Zeynep Tufekci, Professora e autora turca, reconhecida por suas análises sobre a interseção entre ciência, política, tecnologia e sociedade, adverte que “fica cada vez mais difícil distinguir entre realidade e manipulação digital, minando a base da verdade necessária para o debate democrático.”

Essas novas e sofisticadas tecnologias mostram como o populismo extremista digital enfraquece a legitimidade democrática, compromete as instituições e afeta a credibilidade das informações.

Por trás dessa manipulação, revelam-se interesses políticos e econômicos espúrios, tanto de líderes populistas quanto de “big techs”, que podem beneficiar-se do engajamento gerado pela desinformação ou pelos discursos de ódio!

A disseminação de conteúdo apto a gerar situações de polaridade conflitante não apenas confere importante suporte à popularidade desses líderes (?), mas também intensifica os algoritmos das plataformas digitais (é imenso o poder conformador dos algoritmos!), elevando suas vantagens financeiras, ainda que de tal situação resulte a degradação corrosiva da verdade e da integridade das instituições democráticas.

A desinformação e a proliferação de discursos de ódio e de intolerância exigem que se adote legislação destinada a definir, entre nós, notadamente quanto às “big techs”, um regime de responsabilidade que tenha por finalidade garantir que o ambiente digital não se converta em um campo fértil à degradação dos valores consagrados pela Constituição e pelas leis da República.

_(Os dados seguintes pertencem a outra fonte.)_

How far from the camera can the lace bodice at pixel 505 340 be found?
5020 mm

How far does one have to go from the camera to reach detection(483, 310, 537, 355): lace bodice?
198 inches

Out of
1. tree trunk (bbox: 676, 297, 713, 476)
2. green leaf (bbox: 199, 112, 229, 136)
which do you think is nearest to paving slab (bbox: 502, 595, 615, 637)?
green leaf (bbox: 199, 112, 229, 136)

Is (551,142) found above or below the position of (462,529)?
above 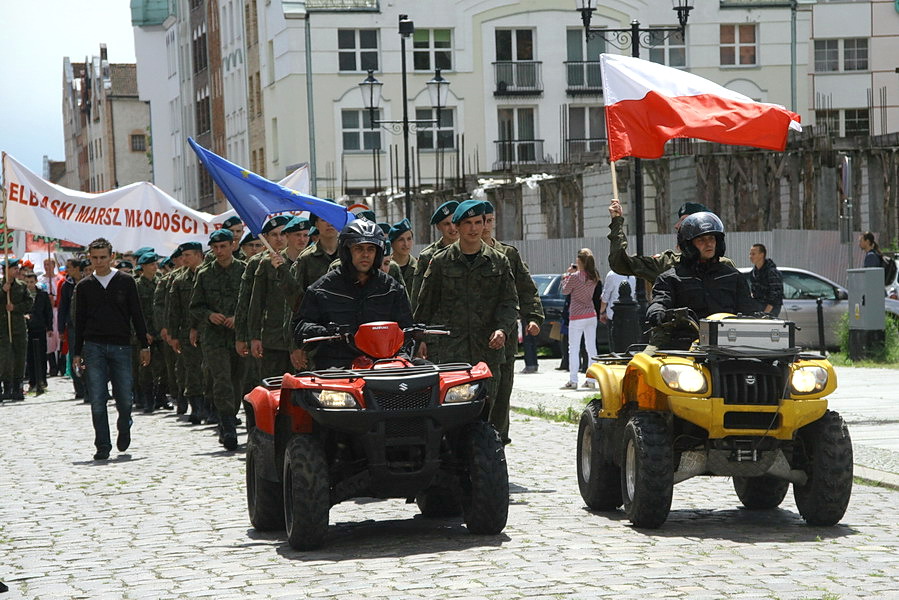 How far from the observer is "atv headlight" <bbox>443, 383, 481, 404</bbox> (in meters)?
8.83

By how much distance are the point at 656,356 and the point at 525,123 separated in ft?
184

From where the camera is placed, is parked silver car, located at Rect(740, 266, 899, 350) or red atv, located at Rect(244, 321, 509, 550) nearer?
red atv, located at Rect(244, 321, 509, 550)

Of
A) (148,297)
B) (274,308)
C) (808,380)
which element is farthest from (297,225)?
(148,297)

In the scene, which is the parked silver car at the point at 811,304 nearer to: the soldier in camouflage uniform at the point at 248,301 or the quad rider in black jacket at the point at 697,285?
the soldier in camouflage uniform at the point at 248,301

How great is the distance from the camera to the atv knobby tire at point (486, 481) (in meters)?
8.87

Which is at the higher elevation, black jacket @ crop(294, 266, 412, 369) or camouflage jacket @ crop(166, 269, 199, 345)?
black jacket @ crop(294, 266, 412, 369)

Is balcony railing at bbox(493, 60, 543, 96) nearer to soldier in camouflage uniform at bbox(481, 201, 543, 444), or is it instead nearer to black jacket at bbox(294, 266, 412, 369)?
soldier in camouflage uniform at bbox(481, 201, 543, 444)

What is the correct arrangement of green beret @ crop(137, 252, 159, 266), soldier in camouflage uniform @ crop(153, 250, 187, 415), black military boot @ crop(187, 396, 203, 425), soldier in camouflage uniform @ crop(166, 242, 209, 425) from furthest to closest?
1. green beret @ crop(137, 252, 159, 266)
2. soldier in camouflage uniform @ crop(153, 250, 187, 415)
3. black military boot @ crop(187, 396, 203, 425)
4. soldier in camouflage uniform @ crop(166, 242, 209, 425)

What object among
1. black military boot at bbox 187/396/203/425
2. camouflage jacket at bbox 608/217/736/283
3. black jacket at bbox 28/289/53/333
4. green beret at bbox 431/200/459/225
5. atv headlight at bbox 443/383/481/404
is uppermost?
green beret at bbox 431/200/459/225

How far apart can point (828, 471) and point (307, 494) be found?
8.97 ft

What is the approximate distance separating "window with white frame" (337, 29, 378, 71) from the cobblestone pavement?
51926mm

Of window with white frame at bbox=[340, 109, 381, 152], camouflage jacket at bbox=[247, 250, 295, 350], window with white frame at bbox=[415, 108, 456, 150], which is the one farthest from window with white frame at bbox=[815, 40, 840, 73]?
camouflage jacket at bbox=[247, 250, 295, 350]

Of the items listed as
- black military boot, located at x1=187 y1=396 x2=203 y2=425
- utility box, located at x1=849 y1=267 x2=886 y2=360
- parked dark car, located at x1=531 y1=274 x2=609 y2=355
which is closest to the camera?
black military boot, located at x1=187 y1=396 x2=203 y2=425

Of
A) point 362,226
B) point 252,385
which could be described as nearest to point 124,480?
point 252,385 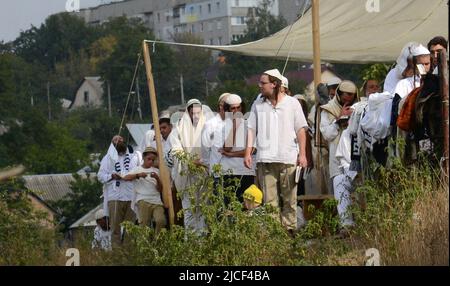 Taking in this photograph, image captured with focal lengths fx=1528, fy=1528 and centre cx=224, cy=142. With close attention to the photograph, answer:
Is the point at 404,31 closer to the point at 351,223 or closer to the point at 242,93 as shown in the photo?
the point at 351,223

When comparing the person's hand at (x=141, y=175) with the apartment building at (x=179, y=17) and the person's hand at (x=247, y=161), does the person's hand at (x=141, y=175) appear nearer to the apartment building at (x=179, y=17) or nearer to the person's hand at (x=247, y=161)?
the person's hand at (x=247, y=161)

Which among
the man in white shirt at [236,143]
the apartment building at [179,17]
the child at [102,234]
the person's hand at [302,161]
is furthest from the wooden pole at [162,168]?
the apartment building at [179,17]

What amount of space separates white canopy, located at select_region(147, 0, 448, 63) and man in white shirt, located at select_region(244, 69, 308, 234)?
4875 millimetres

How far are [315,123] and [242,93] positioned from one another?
2542cm

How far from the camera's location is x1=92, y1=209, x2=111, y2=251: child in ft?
45.3

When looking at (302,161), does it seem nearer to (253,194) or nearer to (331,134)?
(253,194)

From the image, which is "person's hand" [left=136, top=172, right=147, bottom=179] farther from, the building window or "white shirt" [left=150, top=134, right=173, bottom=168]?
the building window

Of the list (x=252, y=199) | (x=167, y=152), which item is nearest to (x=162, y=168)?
(x=167, y=152)

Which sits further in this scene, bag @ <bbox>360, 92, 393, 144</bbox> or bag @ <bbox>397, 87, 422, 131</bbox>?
bag @ <bbox>360, 92, 393, 144</bbox>

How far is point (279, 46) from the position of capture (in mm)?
18344

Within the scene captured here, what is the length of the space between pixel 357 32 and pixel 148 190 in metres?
4.57

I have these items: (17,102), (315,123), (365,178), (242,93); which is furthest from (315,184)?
(17,102)

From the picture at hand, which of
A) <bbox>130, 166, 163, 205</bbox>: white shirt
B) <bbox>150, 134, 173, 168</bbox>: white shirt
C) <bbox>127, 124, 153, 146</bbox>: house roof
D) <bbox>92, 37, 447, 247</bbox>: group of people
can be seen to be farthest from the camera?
<bbox>127, 124, 153, 146</bbox>: house roof

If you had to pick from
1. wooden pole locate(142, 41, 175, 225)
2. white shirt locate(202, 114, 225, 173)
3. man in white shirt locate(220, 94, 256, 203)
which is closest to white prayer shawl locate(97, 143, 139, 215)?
wooden pole locate(142, 41, 175, 225) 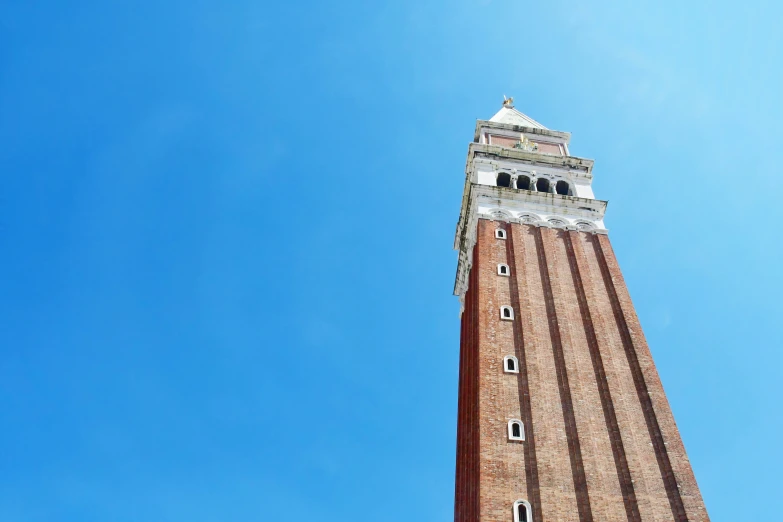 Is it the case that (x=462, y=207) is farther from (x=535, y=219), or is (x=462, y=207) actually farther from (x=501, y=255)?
(x=501, y=255)

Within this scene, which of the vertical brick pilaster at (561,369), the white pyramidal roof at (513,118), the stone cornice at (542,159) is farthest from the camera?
the white pyramidal roof at (513,118)

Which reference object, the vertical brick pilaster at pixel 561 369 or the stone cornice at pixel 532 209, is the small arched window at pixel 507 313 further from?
the stone cornice at pixel 532 209

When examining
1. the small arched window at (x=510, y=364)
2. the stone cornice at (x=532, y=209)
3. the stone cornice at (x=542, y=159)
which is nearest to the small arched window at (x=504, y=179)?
the stone cornice at (x=542, y=159)

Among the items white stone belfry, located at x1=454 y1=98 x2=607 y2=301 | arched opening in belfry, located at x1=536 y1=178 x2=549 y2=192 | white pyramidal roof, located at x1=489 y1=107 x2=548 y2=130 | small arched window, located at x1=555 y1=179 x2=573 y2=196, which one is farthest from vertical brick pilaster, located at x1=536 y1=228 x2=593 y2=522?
white pyramidal roof, located at x1=489 y1=107 x2=548 y2=130

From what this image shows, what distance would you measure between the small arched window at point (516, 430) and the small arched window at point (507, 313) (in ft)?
20.7

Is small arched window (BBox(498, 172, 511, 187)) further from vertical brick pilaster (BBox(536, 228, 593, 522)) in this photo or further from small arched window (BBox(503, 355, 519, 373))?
small arched window (BBox(503, 355, 519, 373))

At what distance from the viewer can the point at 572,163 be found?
4306 cm

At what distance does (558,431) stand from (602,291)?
10.1 meters

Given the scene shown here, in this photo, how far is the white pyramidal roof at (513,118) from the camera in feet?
165

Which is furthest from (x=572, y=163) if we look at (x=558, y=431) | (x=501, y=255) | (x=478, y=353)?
(x=558, y=431)

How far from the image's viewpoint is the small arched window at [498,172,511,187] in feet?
137

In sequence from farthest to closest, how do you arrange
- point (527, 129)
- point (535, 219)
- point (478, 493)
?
point (527, 129), point (535, 219), point (478, 493)

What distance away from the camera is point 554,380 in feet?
88.6

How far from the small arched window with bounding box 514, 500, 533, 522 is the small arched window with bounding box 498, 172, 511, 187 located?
2320cm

Gigantes tecnológicos, as “big techs” moldam o ecossistema digital e influenciam opiniões e comportamentos humanos por meio da disseminação de conteúdo, que inclui desde “fake news” até manipulações informativas, priorizando, algoritmicamente, o sensacionalismo, o lucro ou, eventualmente, até a intolerância ou mensagens de ódio e de desprezo à ordem democrática.

Bastante significativa (e precisa) a observação da Professora Karina Nunes Fritz ao enfatizar a necessidade de obstar o grave problema da manipulação das redes sociais, quando utilizadas como instrumentos de difusão de “fake news” e de discursos de ódio:
“O problema da desinformação e do discurso de ódio ganhou uma dimensão inimaginável na era digital, com o desenvolvimento da internet e das novas tecnologias de informação, que permitem a propagação instantânea e em massa de dados e informações (…). A crença de que a desinformação deixa-se combater no livre mercado de ideias através do contradiscurso mostrou-se insustentável face ao uso deturpado das inovações tecnológicas (…)”.

Exemplos como os da Lei de Segurança Online da Austrália (“Online Safety Act 2021”), da Lei de Serviços Digitais da União Europeia (DSA) e da Lei sobre Mercados Digitais (DMA), também da União Europeia , demonstram , pela eficácia de que se revestem tais diplomas normativos, a imprescindibilidade, entre nós, da promulgação de uma legislação básica que, a par da lei que instituiu o Marco Civil da Internet (Lei n. 12.965/2014), (a) viabilize o controle e fiscalização dos serviços, mercados e plataformas digitais, (b) contenha os abusos decorrentes do exercício anômalo da liberdade de expressão, (c) estabeleça parâmetros quanto à moderação de conteúdo nas redes sociais, (d) institua normas de regência sobre a responsabilidade das redes sociais na prevenção da disseminação de notícias falsas e discursos de ódio, impedindo, assim, que o espaço digital se converta em um ambiente tóxico de intolerância e de desinformação, (e) que reafirme a primazia do Estado Democrático de Direito, notadamente em relação às “big techs”, cujas atividades, além de deferentes à soberania nacional, deverão estar sempre sujeitas ao controle jurisdicional dos magistrados e Tribunais locais.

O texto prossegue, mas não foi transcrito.